Dicen que hoy los guerrilleros pueden llegar a ser 20.000: eso es apenas una tercera parte de los ciudadanos que acuden a la Plaza de Bolívar a exigir, por ejemplo, la implementación inmediata de los acuerdos.

En el proceso de negociación que acabamos de vivir, el Gobierno siempre dijo, con razón, que no estaba dispuesto a negociar el modelo económico y social del país porque esas reformas no pueden ser el tema de una negociación con la guerrilla. Colombia lleva décadas aplazando las grandes reformas que necesita, y está claro que no puede ser con la guerrilla con quien se acuerden esos cambios, pero sí tiene que ser con la ciudadanía pacífica que paga sus impuestos, respeta la ley y exige un verdadero proyecto de modernidad.

Cada vez que se discute sobre el tema de la paz el Gobierno repite que la firma de los acuerdos no es todavía la paz, sino una de las condiciones previas para que echemos a andar la construcción de la paz, que será un ejercicio de toda la ciudadanía.

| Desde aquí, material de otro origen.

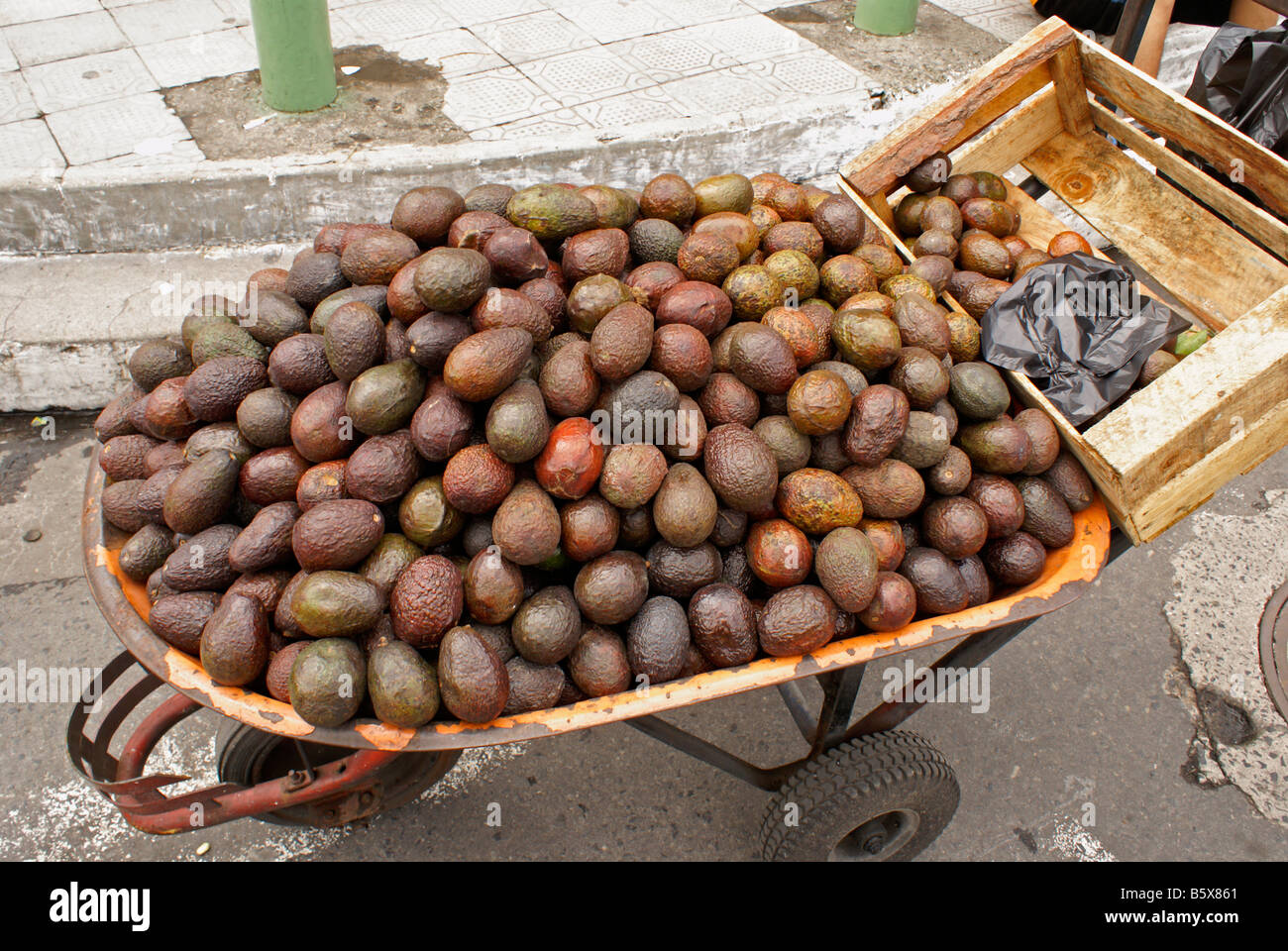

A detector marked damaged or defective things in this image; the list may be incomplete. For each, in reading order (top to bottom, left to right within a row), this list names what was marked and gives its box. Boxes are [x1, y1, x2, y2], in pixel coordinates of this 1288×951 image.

rusty wheel [218, 725, 460, 828]
rusty wheel [757, 729, 959, 864]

Ahora bien, ¿debe limitarse la ciudadanía a los temas que el Gobierno ha acordado con la guerrilla, o tiene derecho a formular sus propias expectativas?

En una democracia la ciudadanía tendría que tener todos los derechos, pero a menudo siento que nos sirven en el plato una ración de democracia tan estrecha que lo único sobre lo que se puede opinar es sobre lo que los gobiernos acuerdan con esos interlocutores sucesivos, afirmados en la fuerza de las armas, paradójicamente legitimados por su ilegalidad.

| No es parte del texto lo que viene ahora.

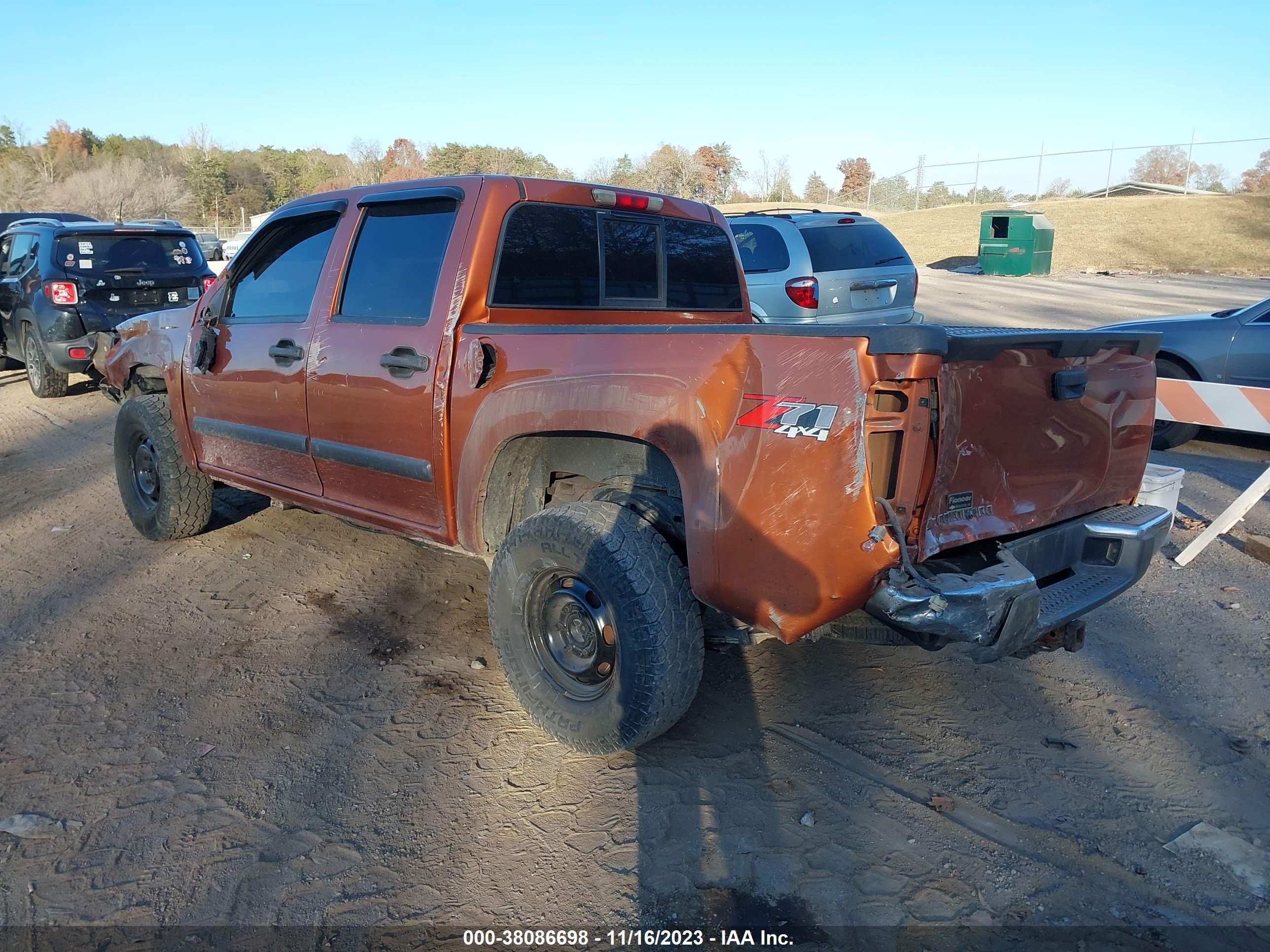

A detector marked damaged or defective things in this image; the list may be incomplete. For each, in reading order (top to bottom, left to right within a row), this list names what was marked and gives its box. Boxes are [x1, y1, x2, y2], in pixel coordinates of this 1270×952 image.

Desde el plebiscito del 2 de octubre, las facciosas dirigencias colombianas han retomado su costumbre de sentirse las únicas voceras de la nación, aunque sólo el 20 % de los ciudadanos apoyó el Sí, sólo otro 20 % apoyó el No y un 60 % les dio la espalda a los acuerdos. Los políticos se defienden diciendo que esa abstención tan alta es una tradición nacional y no un rechazo al sistema. Pero la verdad es que un apoyo entusiasta no es.

Si hasta en Estados Unidos, donde la democracia es un poco más visible y operante, la gente se ha expresado contra la política tradicional, podemos presumir que aquí, donde todo el mundo está insatisfecho del país que tenemos, esa negativa a participar por lo menos indica indiferencia o desconfianza. Sería más entendible en una elección presidencial, pero no en un asunto tan vital, concreto y sensible como la paz.

Habría que decirlo en términos más enfáticos: una paz a la que sólo apoya el 20 % del electorado y a la que el 80 % le da la espalda no sólo es poco prometedora, sino que ni siquiera es auspiciosa para sus propios protagonistas, y de entrada no parece tener garantías reales de aplicabilidad.

Yo creo que este acuerdo no garantiza la paz que promete, pero estoy seguro de que algunos políticos, o quizá todos, quieren convertirlo en el tema del próximo debate electoral. Y me parece un error que este acuerdo se convierta en el tema central del debate electoral, porque la agenda nacional es mucho más amplia, y porque, si se me permite decirlo, los principales temas de la agenda nacional no están incluidos en el acuerdo. ¿Tendríamos que renunciar los ciudadanos a nuestro derecho a exigir otro país, otra agenda nacional, sólo porque no fue el tema que se discutió con la guerrilla? Ese es un asunto sobre el que me parece urgente reflexionar.

A mi modo de ver, tres grandes fallas estructurales tuvo este proceso de negociación, incluso si obtuviera esta semana el apoyo de todos lo que rechazaron los acuerdos en el plebiscito:

1. Ser un proceso diseñado a espaldas de la gente, por supuestos expertos que lo único que intentan es mantener intacto su protagonismo, lejos de la vereda y del barrio. Hasta Pepe Mujica señaló lo que muchos hemos dicho: que la ciudadanía miró ese proceso como desde un balcón. Y hay que añadir que la falta de voluntad del Gobierno para convocar a la ciudadanía a formar parte del proceso, a ser quien recibiera a los desmovilizados en la legalidad y garantizara su seguridad, sólo puede entenderse por la desconfianza de la dirigencia en la gente, por el temor de que el proceso de paz se convierta en un despertar de la iniciativa ciudadana, pero es también la causa de que el acuerdo haya sido respaldado de manera tan tibia.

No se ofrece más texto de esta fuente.